Also. Sue Scott from A Prairie Home Companion is my hero.

Monday, April 19, 2010

Foiled Again!

Greetings from the PR-PT 2500 section of the library--third floor south, window side--where it is a balmy 74 degrees Fahrenheit (really that's just an estimate, but I have an uncanny sense about these things). I have just decimated my tall nonfat Duke (wow, okay, that sounds dirty--it's an Earl Grey tea made with milk), and I am busily clicking away at my thesis. You know you're in for a long weekend when you seek your professor's help during office hours and get an emailed response with the subject "You may not thank me..." Thus I am here, now entering hour two, while outside the window the entire Music Department is parading up and down the sidewalks with stereos blasting some radio station for God knows why. On this campus, I've learned to never ask questions.

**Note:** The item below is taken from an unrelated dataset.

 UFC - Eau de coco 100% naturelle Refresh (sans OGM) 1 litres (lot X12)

I have exactly eight days of classes until my undergraduate career is over. It's so weird. I can remember every thought in my head as my parents hugged me goodbye, climbed in their car, and headed north. Four years ago, the 45 miles between Tacoma and Woodinville were enough to make my mind spin. Home was halfway across the world.

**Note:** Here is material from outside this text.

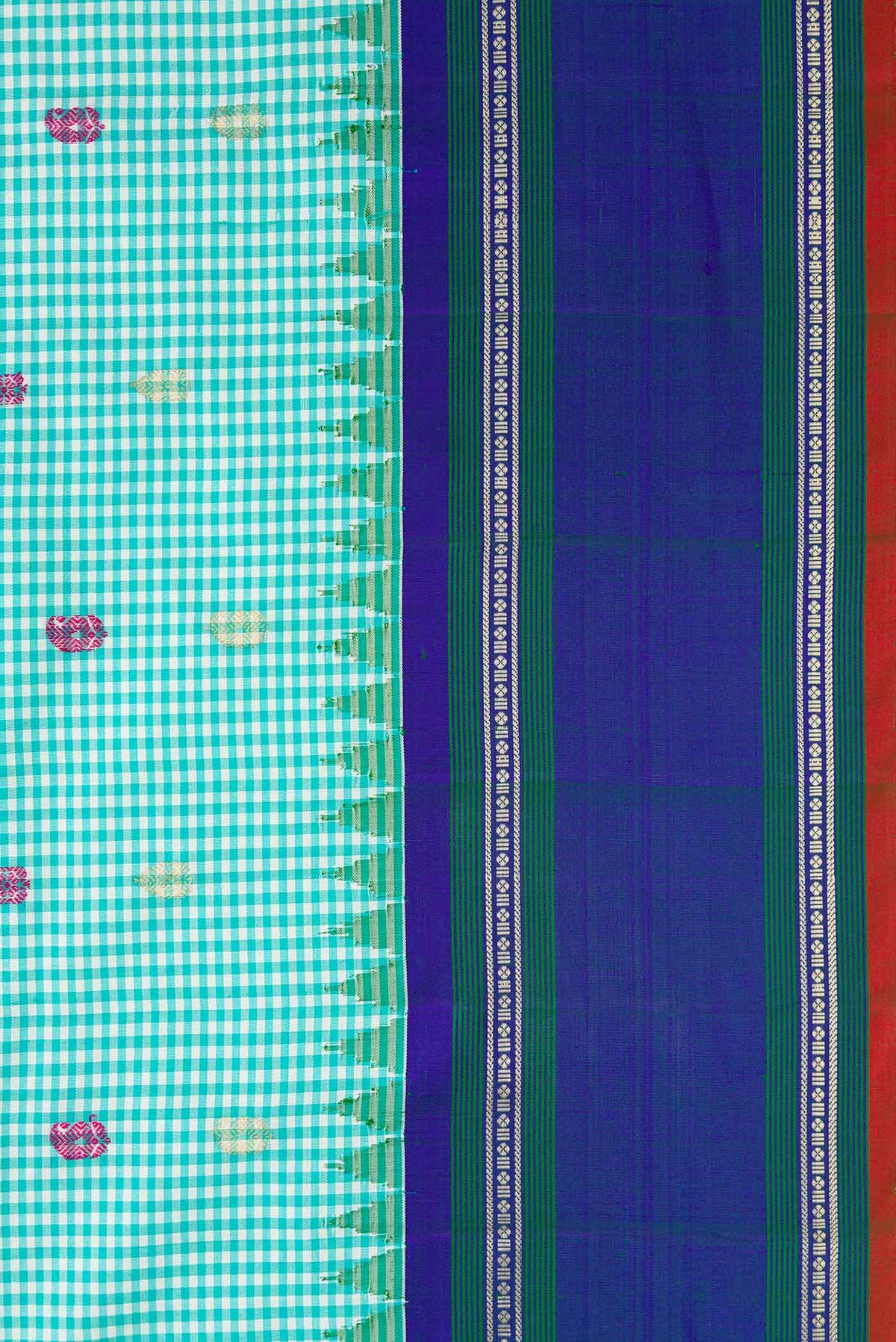 Border image of Light Blue Gadwal Silk Saree with Checked design on the body and Zari Border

Now that I've heard the bells chiming "Eight Days a Week" and "Let it Be" on Saturday mornings from my usual perch in the library (second floor, corner of the D section--I thought I'd mix things up for today), now that I've eaten at least one black bean burrito every day since second semester of freshman year, now that my trusty computer has seen me through 24 American classes and eight Australian ones, it's nearly time for me to make the 45-mile trek back home with a car full of a finished life. I'm not ready to graduate. I don't know enough yet.

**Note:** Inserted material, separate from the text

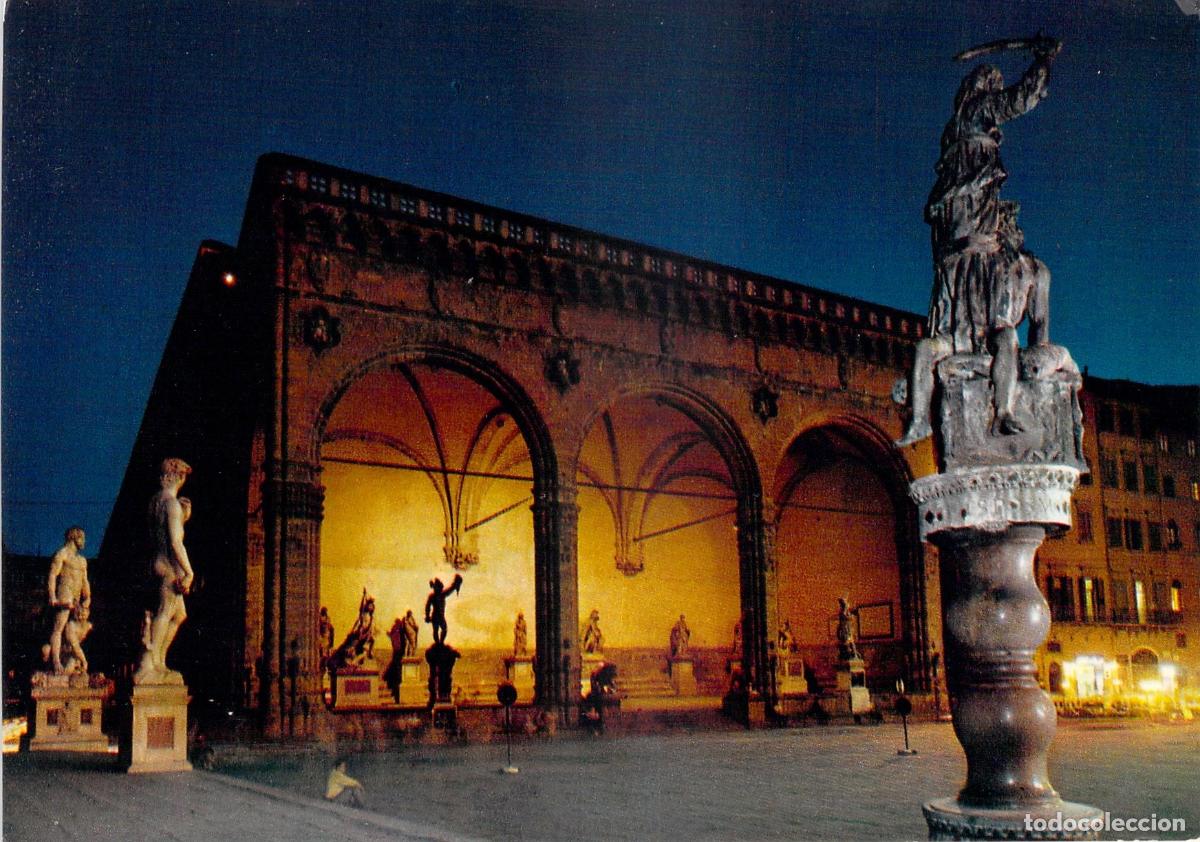 Postales: Postal de Florencia - Loggia dei Lanzi Iluminada de Noche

I'll miss waking up to the stench of pulp from the paper mill across the river. I'll miss how each floor of the library has its own autonomous climate system. I'll miss writing the story of the Broken Flying Screw with Tyler, the five-year-old I have babysat since sophomore year. I'll miss how his two-year-old brother Carter announces his nap completion week after week by exclaiming, "Poop!" but how only once has his diaper been anything but simply wet. I'll miss how the rain slips down the glass diamond that is the Oppenheimer Cafe. I'll miss listening to This American Life and Wait Wait...Don't Tell me on my iPod while I shelve books every morning, quietly laughing to myself in an empty library. I'll miss my poetry classroom before my professor comes--our conversations about the ineffectiveness of pandas as a species and how Irish poet Paul Muldoon should not be allowed to invent words the way he does. (I'm sorry, but no way is "gammy-gam" an actual thing. It's not in the Oxford English Dictionary, so it does not exist. Then again, if I were to follow that logic, I would not exist either).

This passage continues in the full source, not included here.